Legendary bike builder Roland Sands had been itching to do another KTM build so was pretty happy when he got the opportunity to build this project. "Lightweight road racers are our favorite thing to build" he says. "We helped to introduce this genre with the 450 Super Single project years ago, and are happy to keep it going with bikes like this". There’s nothing quite like a sub-300lb. motorcycle with 60 plus HP, great suspension, big brakes and sticky tires. The KTM 690 is perhaps the perfect starting point for such a bike.

RSDs aim was to give this machine a blend of classic Café styling while still being progressive. Suspension and swing arm were tweaked in order to achieve proper road racing geometry for a track ready bike. The engine was massaged for just a little bit more than KTM supplied from the factory, ensuring an exciting ride.
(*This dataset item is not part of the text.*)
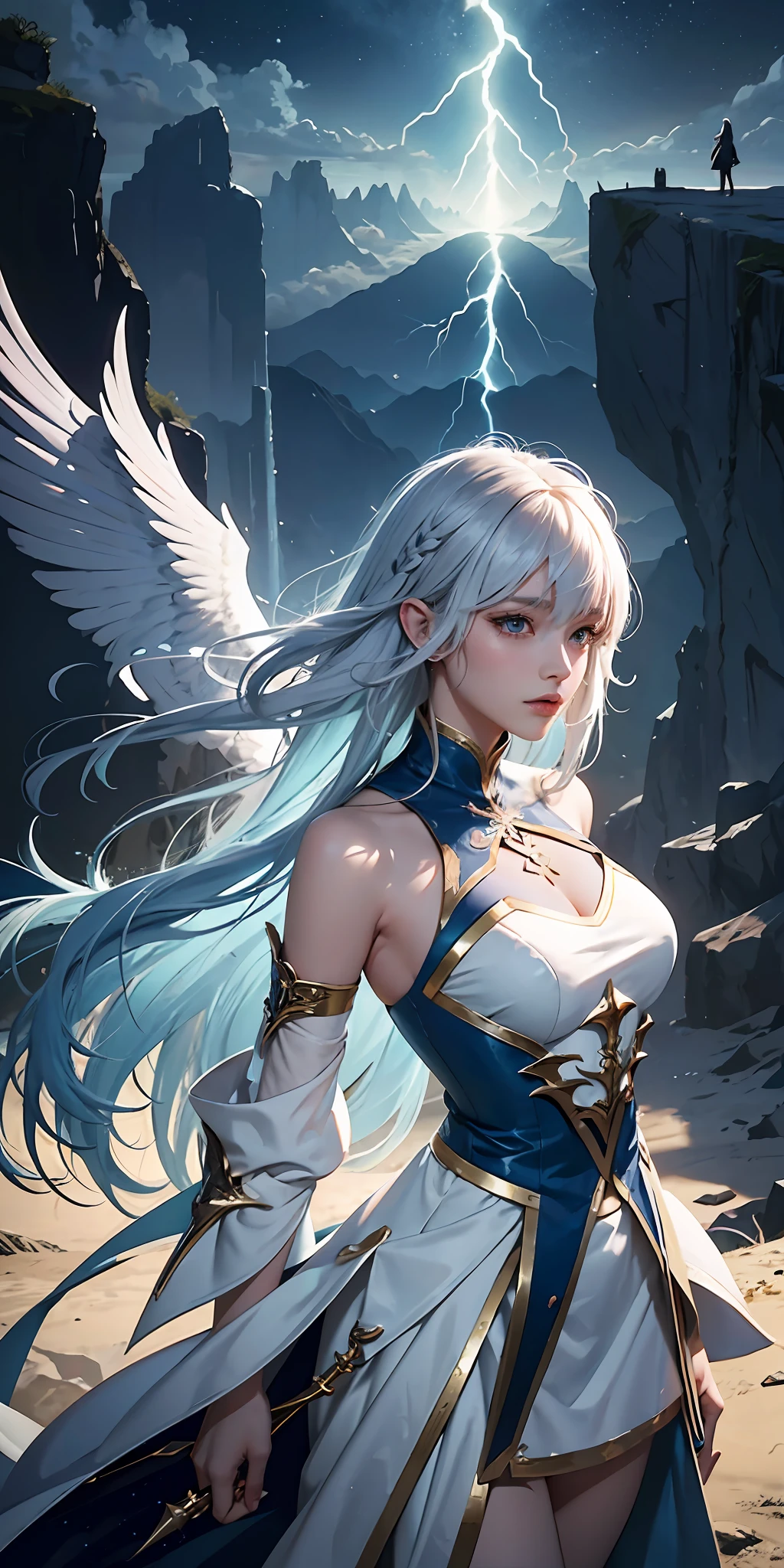 1air elemental girl, beautiful detailed face, light blue skin, long flowing white hair, pointed ears, wings on the back, wearing a flowing dress made of clouds, standing on top of a cliff overlooking the world, arms outstretched towards the sky, invoking a fierce storm, lightning crackling in the background, highly detailed exquisite fanart, Guweiz in ArtStation Pixiv, Guweiz in Pixiv ArtStation, trend in ArtStation Pixiv, portrait Knights of Zodiac Girl, detailed digital anime art, anime fantasy illustration, digital anime art, digital anime illustration, anime style illustration, perfect eyes, realistic eyes, beautiful eyes, perfect anatomy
They used 4130 Chromoly tubing to finish up the single sided swing arm trellis style, to mirror the look of the frame and to keep it light weight. To finish off the rear end Gregg from Greggs Custom’s sent one of his new redesigned drives to complete their trellis swingarm.

The tank and tail were finished to their unique style as were a few more small details like side radiator shrouds, brake light and headlight.

They made some custom rearset brackets to utilize the CRG controls and their eccentrics. Tony at Racetech dialed in the suspension. With the suspension setup this bike will be able to hold its own with any bike through the twisties.

They handmade a stainless steel RSD Slant exhaust, mounted a carbon fiber Ducati Sport Classic front fender, hooked up the custom Spiegler USA brake lines, aired up the Dunlop Q3 tires and snugged up all of the KTM Powerparts billet goodies to compliment the orange stripe in the paint.

Their original rendering was for the bike to be black with an orange frame but change was in the air and they went with the more classy white paint scheme.

With a few days left before the trailer departed for New York, Chris Wood at Airtrix got the painted bodywork delivered and they bolted it straight onto the bike so Rich at Bitchin Seat Co. could make the custom leather seat.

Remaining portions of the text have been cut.